The above story isn’t true but it goes to show how difficult the process of just deciding to take the treatments to try and cure yourself is. I’ve had numerous people in my family die from cancer, all of whom have taken the treatments at one point during the fight. It’s not an easy choice to make & going day after day to get the treatments aren’t east either. You do get very ill, your always weak & sometimes your body gets blisters from the radiation. James Rhio O’Connor had this decision to make when the doctor’s gave him the bad news.
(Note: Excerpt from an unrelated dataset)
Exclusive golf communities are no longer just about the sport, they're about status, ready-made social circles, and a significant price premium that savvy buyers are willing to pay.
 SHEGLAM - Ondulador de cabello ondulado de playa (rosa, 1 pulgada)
Mr. O’Connor’s doctor upon telling him the treatments wouldn’t work gave him less than a year to live. His doctor told him frankly it was time to get everything in order because he was going to die. O’Connor refused this, he changed everything about his life just to live a little longer, he wasn’t ready to let the cancer beat him. He took suplements, focused on a higher power to bring him life and even changed his eating habits. By doing this he proved the doctor and many other wrong. James Rhio O’Connor died on July 11,2009 of Pleural Mesothelioma seven & a half years after his prognoses.
James O’Connor didn’t once use the treatments offered by medical specialists to “cure” him & he didn’t let a death sentence kill him. Living with cancer isn’t a pretty picture no matter which way or what colors you use to paint it. It’s a nasty, painful disease that in the end will leave you either dead or a broken person. If I myself was truly given the news that I was indeed dying of the disease, I would do everything in my power to prove the doctor wrong. Not just for myself, but for every other person in the world who is told just to give up & let go. Mr. O’Connor not only prolonged his own life but gave inspiration to millions of other cancer patients who have also been given the ok to just go ahead and die. They’re fighting the disease their own way & pulling through just fine. They aren’t loosing their hair & getting burns all over them, they’re striving to do the impossible to live past their prescribed death. Cancer is a word feared by every person alive to day, it’s claimed the lives of the millions it’s infected, but James “Rhio” O’Connor didn’t let that fear of a word stop him from living, and I would follow in his well placed footprints and never back down.